THE TASK:
When you copy from the entries that follow, take only the lines from the one with "African-American daughter hugging" down to the one with "Tropical-white-sand-beach-with-ocean-and-far-away-islands", keeping both ends and dropping every picture.

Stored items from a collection
════════════════════
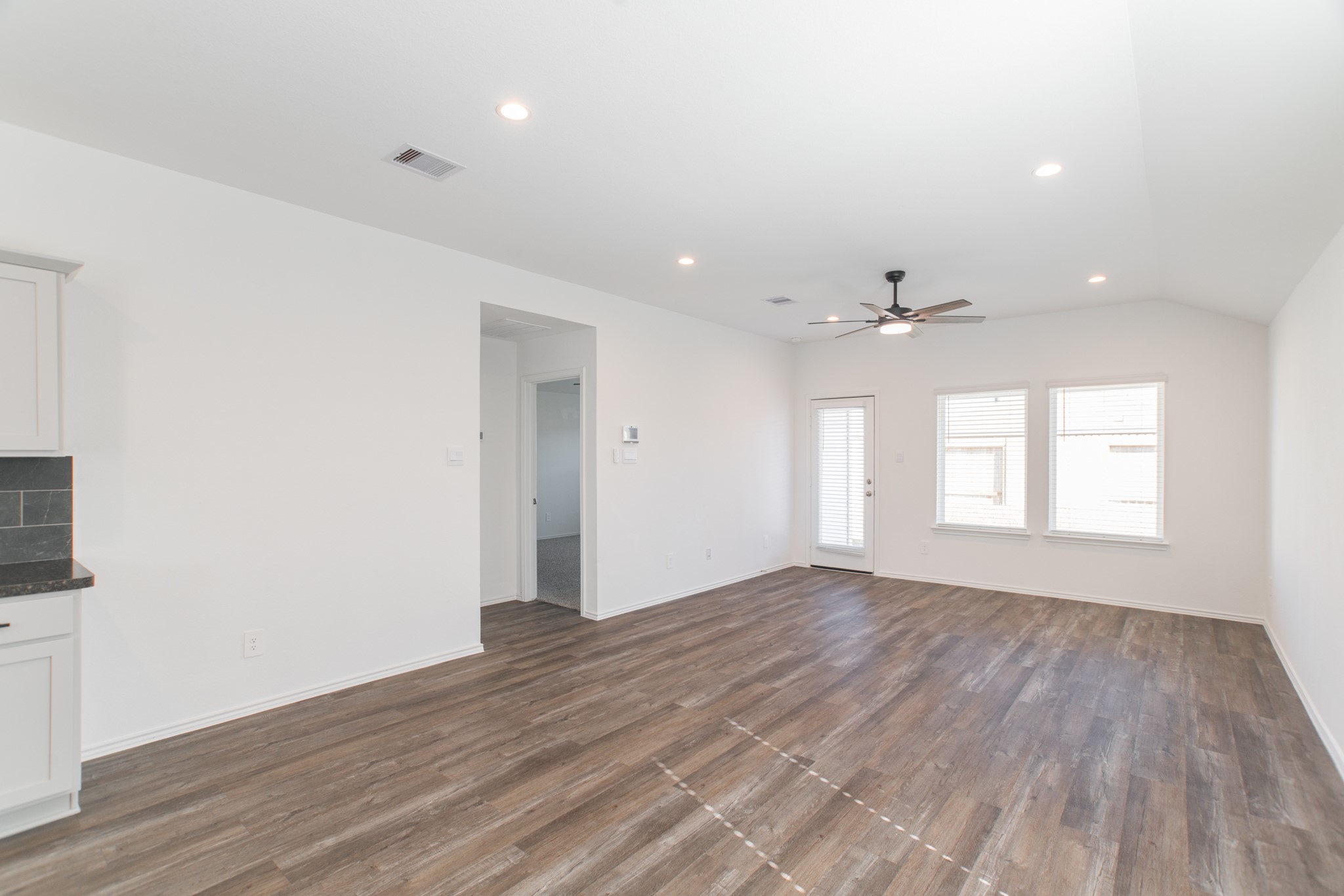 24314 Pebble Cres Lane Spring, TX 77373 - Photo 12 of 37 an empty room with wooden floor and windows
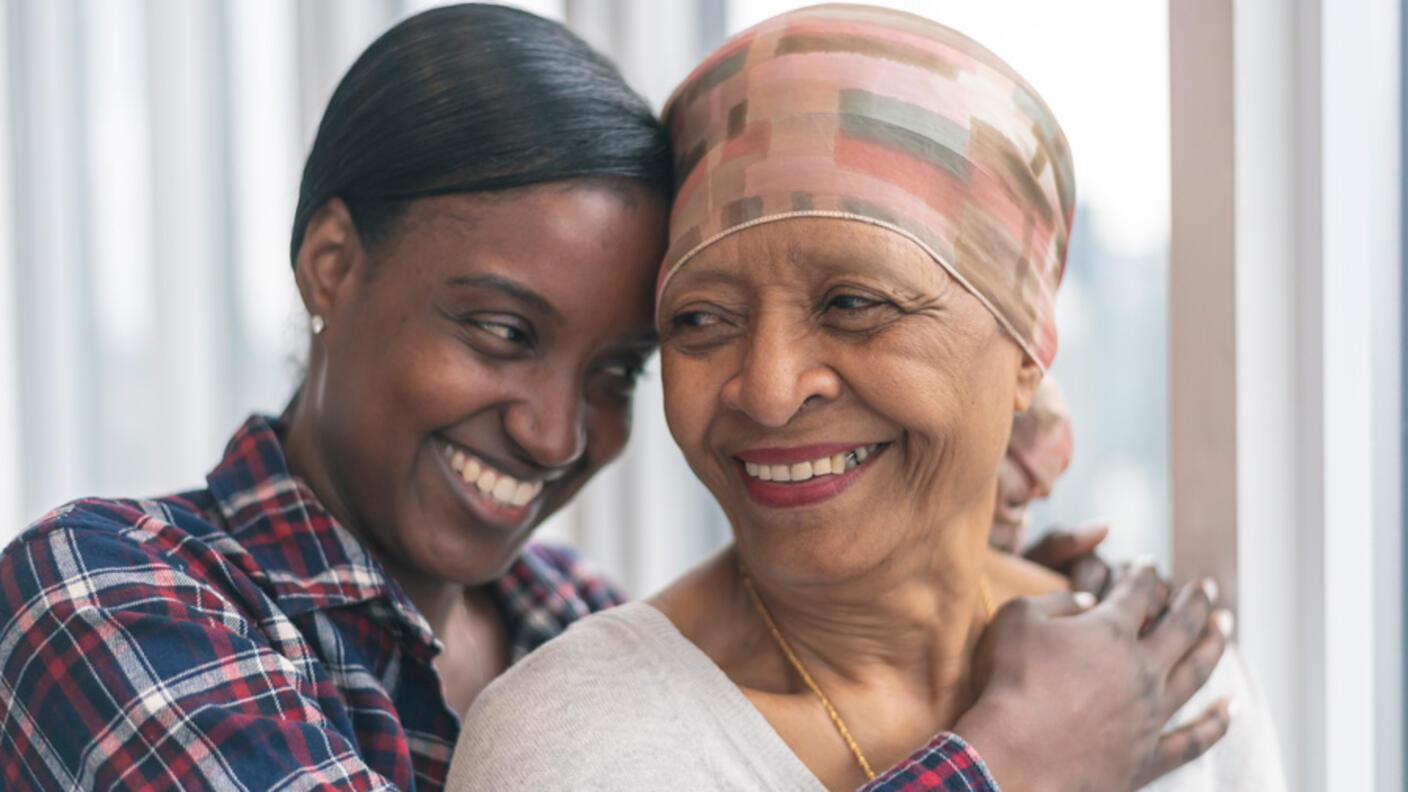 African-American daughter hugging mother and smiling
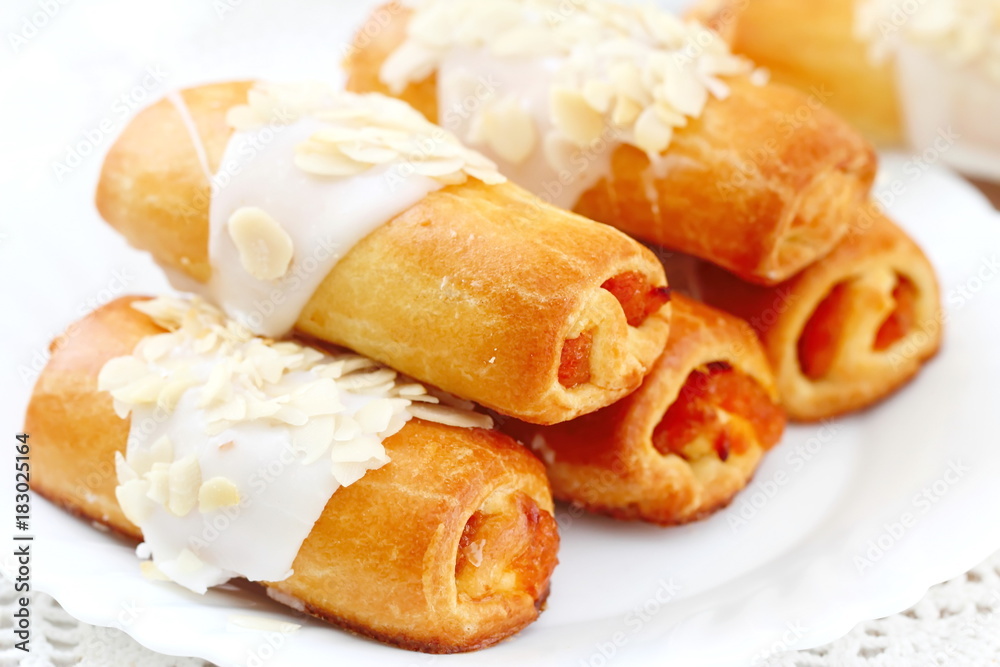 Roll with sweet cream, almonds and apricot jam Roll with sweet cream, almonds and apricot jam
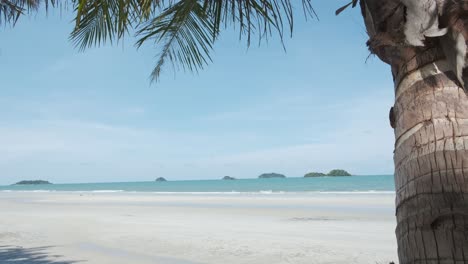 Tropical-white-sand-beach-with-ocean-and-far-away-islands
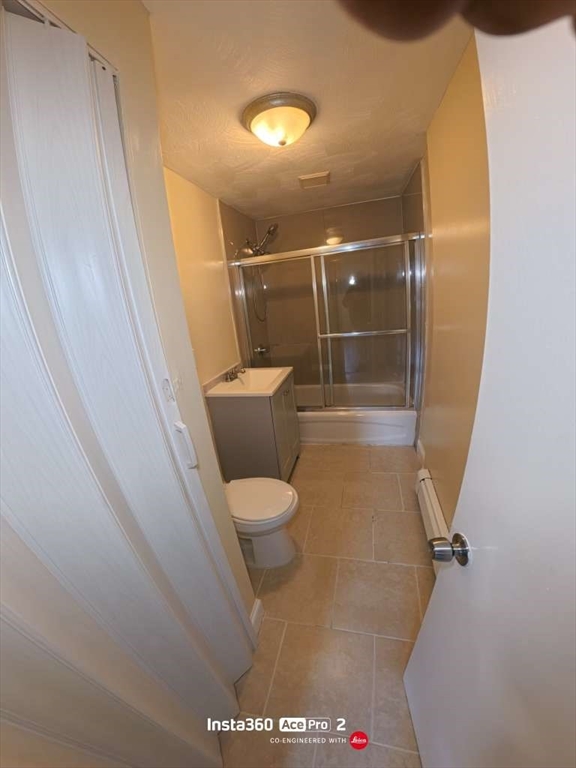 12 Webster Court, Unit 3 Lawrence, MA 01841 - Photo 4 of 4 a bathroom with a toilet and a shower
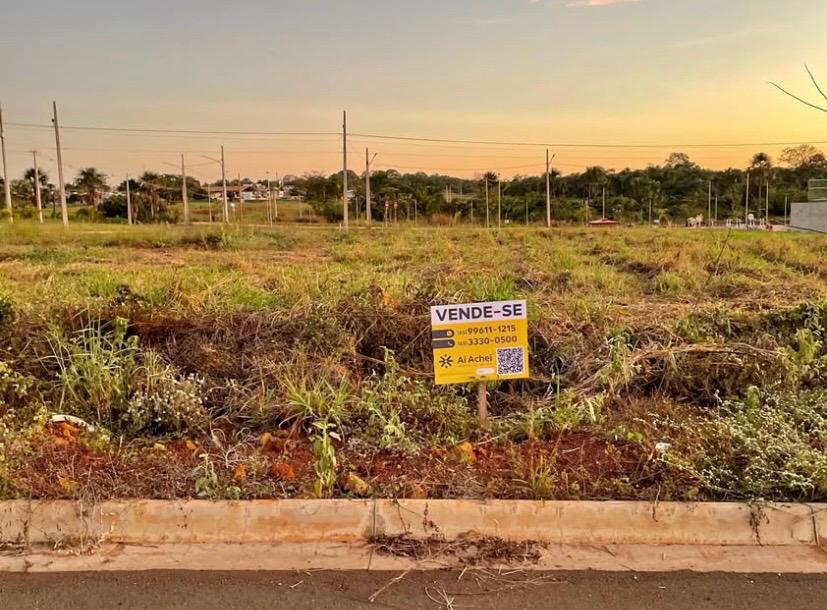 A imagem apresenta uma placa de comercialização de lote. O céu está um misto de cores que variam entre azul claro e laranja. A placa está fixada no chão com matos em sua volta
════════════════════
SOLUTION TO THIS EXERCISE:
 African-American daughter hugging mother and smiling
 Roll with sweet cream, almonds and apricot jam Roll with sweet cream, almonds and apricot jam
 Tropical-white-sand-beach-with-ocean-and-far-away-islands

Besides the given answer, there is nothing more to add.